Slower campus construction a good thing
By Leslie Gehring, leslie.gehring@du.edu
Older buildings on campus have charm
Margery Reed Hall is 80 years old, and it shows. The sinks in the basement bathrooms have separate faucets for hot and cold water. To turn on the lights, there are buttons to push instead of switches to flip. The finicky locks on the doors require not only the right key, but also often patience and a little coaxing to open.
I wouldn’t have it any other way.
When I read that DU plans to slow the pace of new building construction, at first I was annoyed: once again, the south end of campus was being ignored. But then I read something that shocked me: over half the buildings on campus are less than 15 years old.
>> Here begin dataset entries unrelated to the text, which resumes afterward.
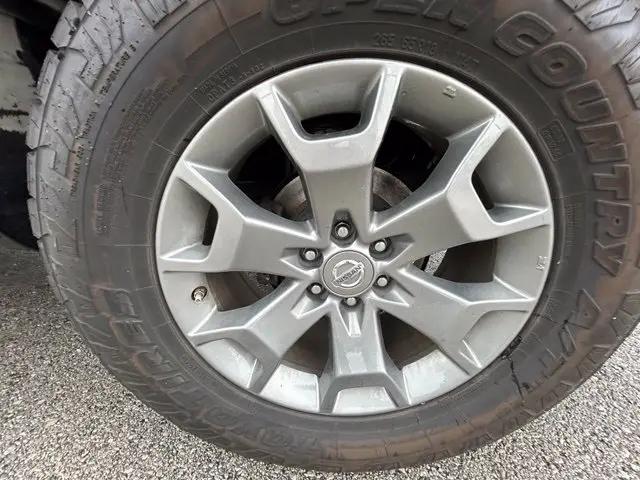2019 Nissan Frontier SL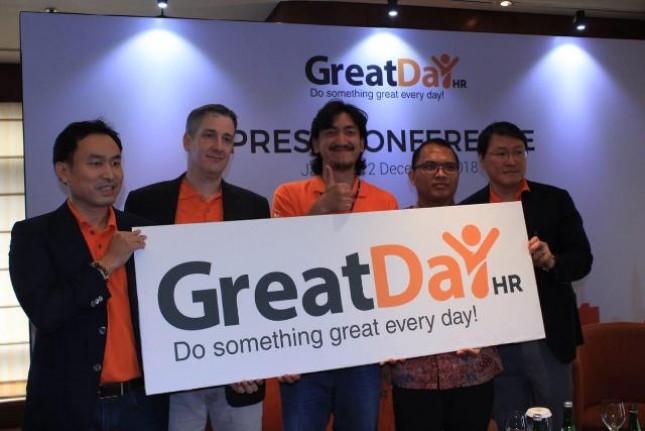 PT. Indodev Niaga Internet meresmikan GreatDay HR sebagai brand baru untuk solusi HR mobile SunFish Go. 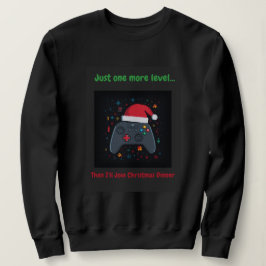 Bara en nivå till Roligt gamer jul  T Shirt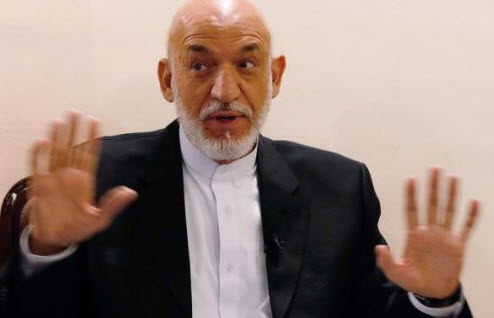 Hamid Karzai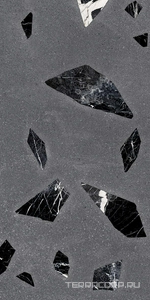 Керамогранит Ergon Medley Dark Grey Rock nat.rett. ZZ30x60 Серый 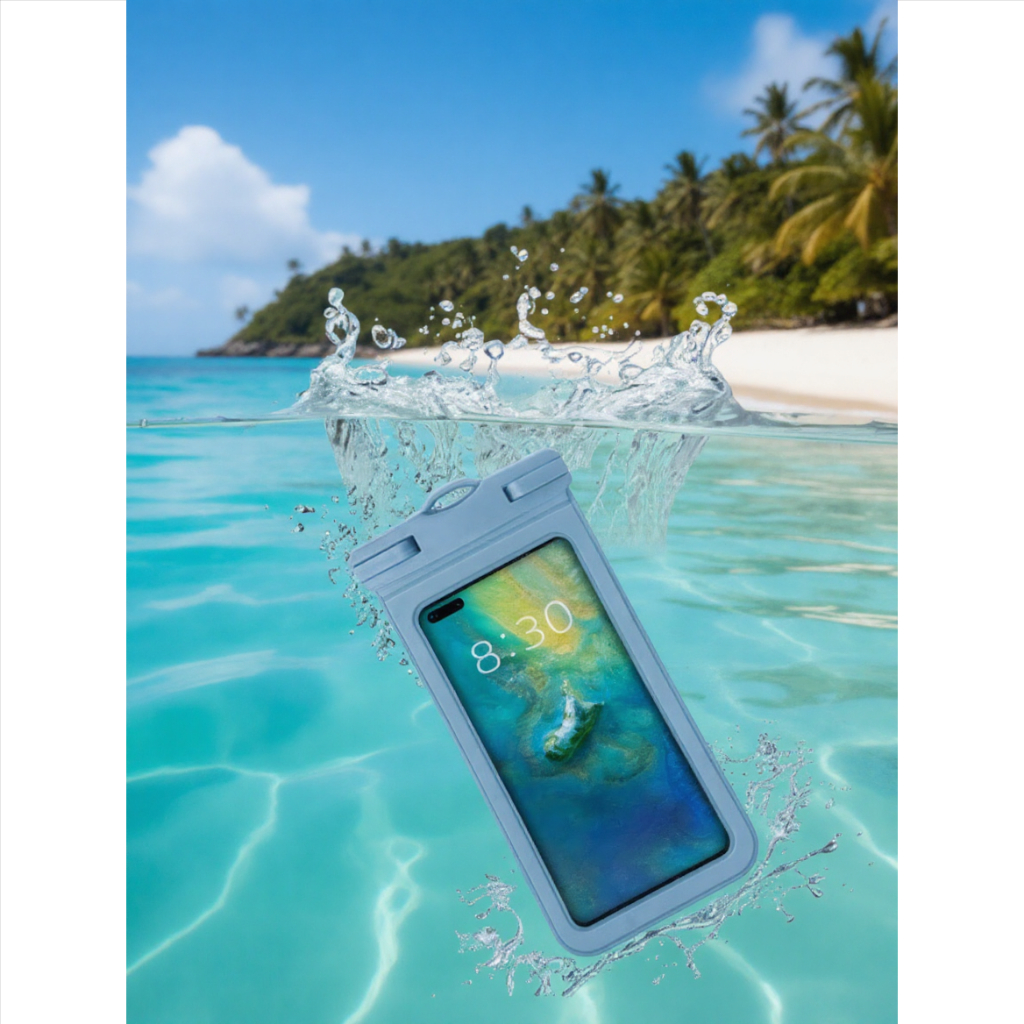 PelindungHP Bisa Sentuh Kantong Hp Waterproof, Tas Renang Kantong Hp Waterproof, Kuat Kantong Hp Wat
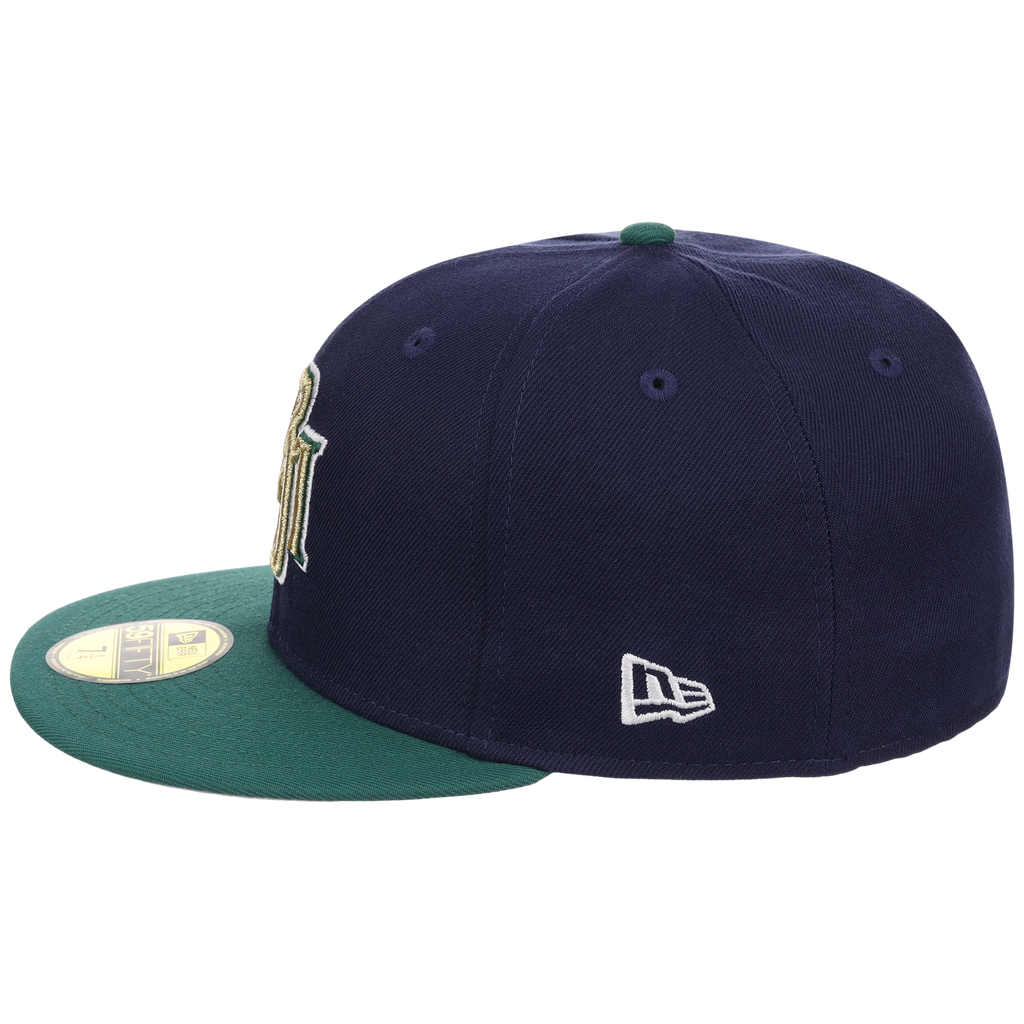 Milwaukee Brewers MLB Cooperstown Authentic Collection New Era 59FIFTY (Navy/Green)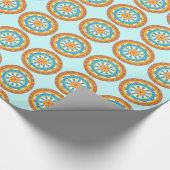 Dartboard Geschenkpapier (Ecke)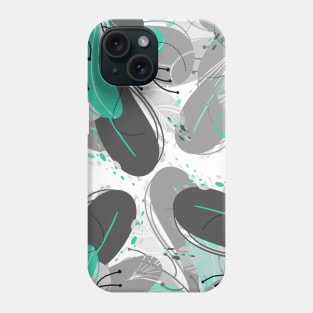 CRAZY LEAVES SKY Phone Case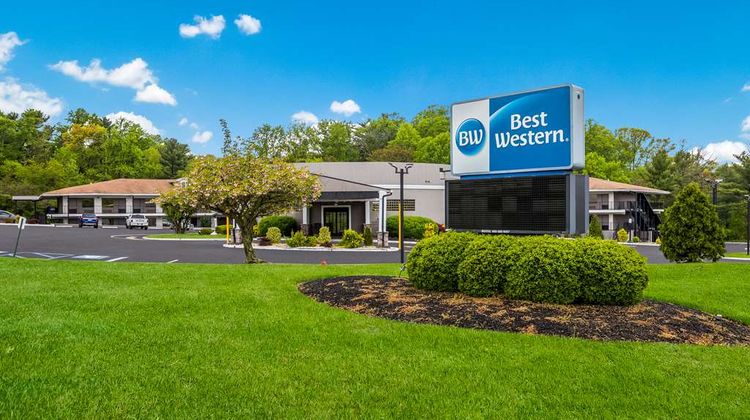 Best Western Bordentown Inn Exterior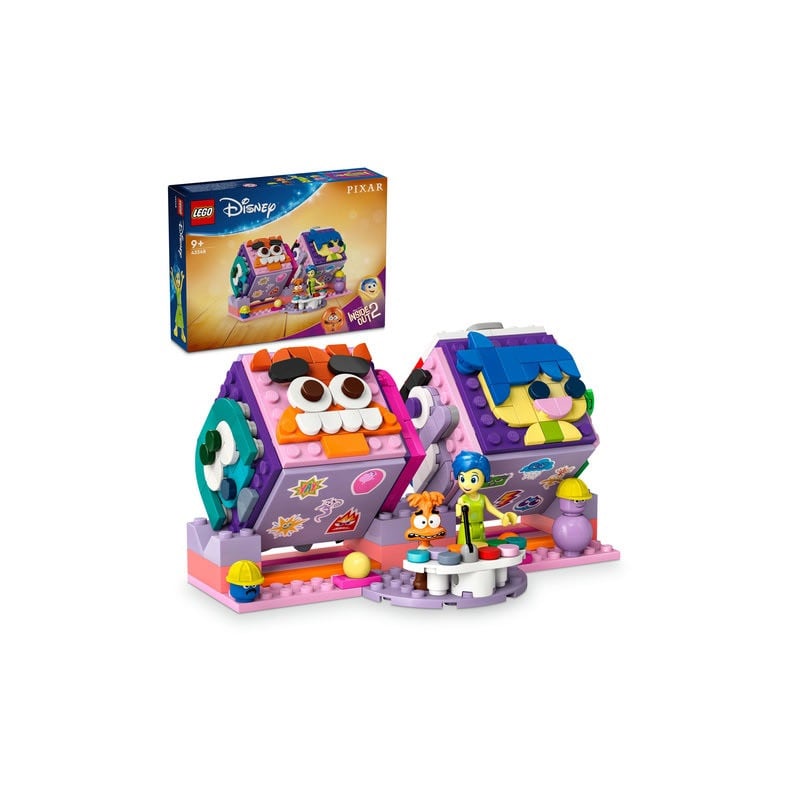 LEGO Disney Cubos de las Emociones Del Revés 2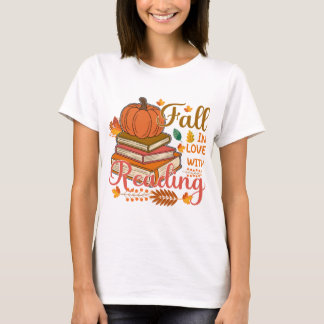 fall in love with reading T-Shirt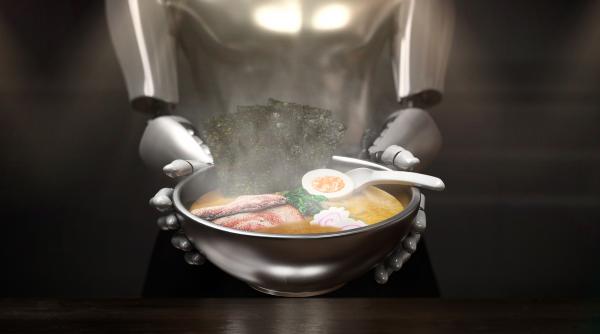 un lant de restaurante a introdus roboti care analizeaza clientii si le recomanda meniuri personalizate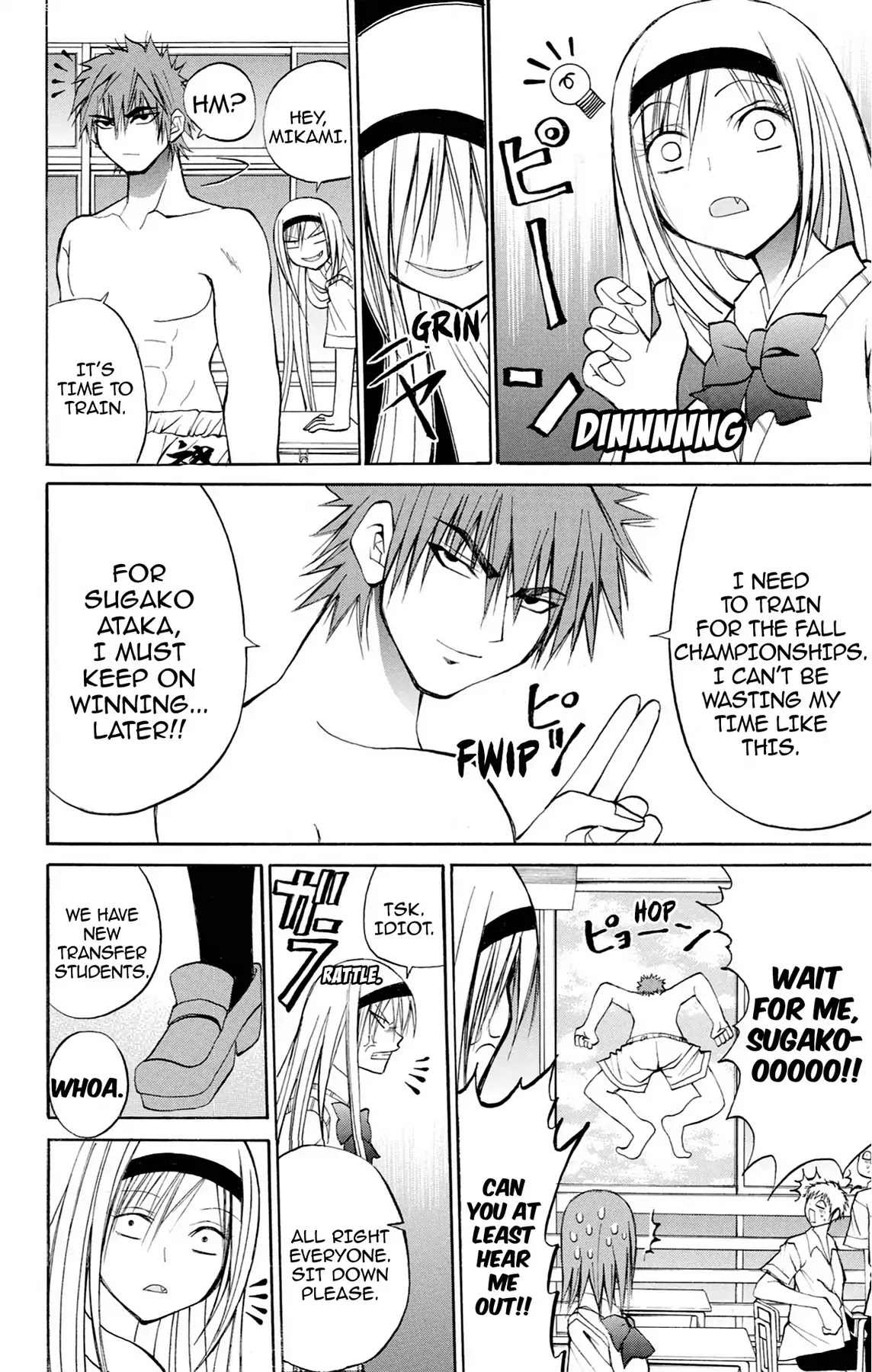 Fire-Hot Aunt Chapter 34 page 10 - Chapter 34: Vol.9 EPISODE 34: AGENT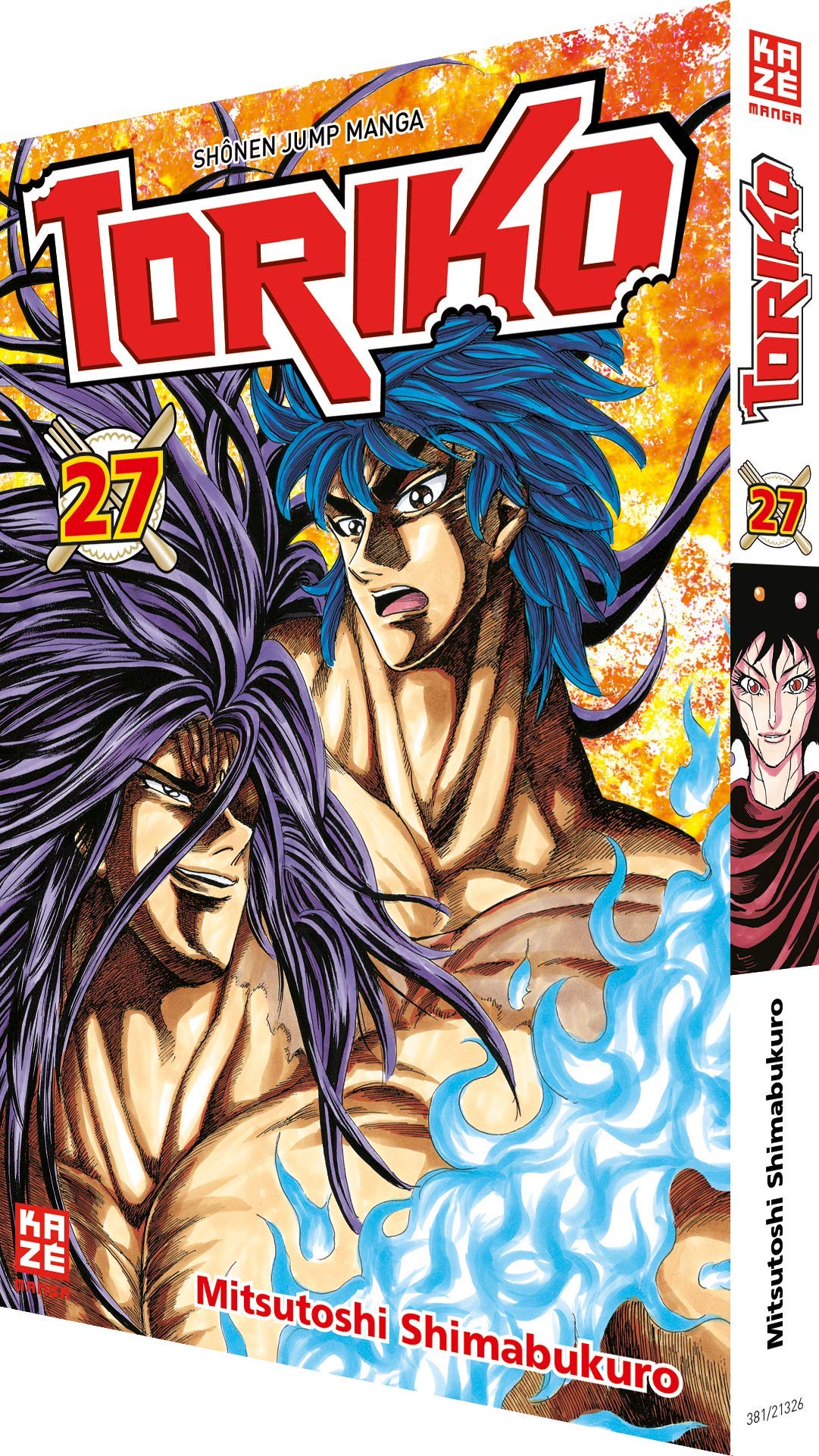 Toriko 27 Manga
That means that most of campus as we know it did not even exist when this year’s freshmen were born. And that, quite frankly, is sad.
DU’s campus is gorgeous, but the uniform look of all the nice, new brick buildings gives the place the feeling of a cookie-cutter McMansion suburban subdivision. Daniels, Nagel, Nelson, HRTM, the law school, Olin: They all look the same. I’ll take the worn brick of Mary Reed, the sore-thumb architecture of Penrose or the outdated “No Smoking” signs in the computer lab of the Mass Communication building any day. There is something quaint and comforting about older buildings. They’re solid; they’ve withstood the test of time. Sure, they have their quirks, but they also have their histories – often quite interesting ones.
So maybe this slower pace of building will force the builders to think about renovating and restoring the older buildings on campus instead of tearing them down and replacing them with nearby look-alikes. Because the last thing this campus needs is a slew of shiny new red brick buildings.
Readers: What’s your favorite building on the DU campus?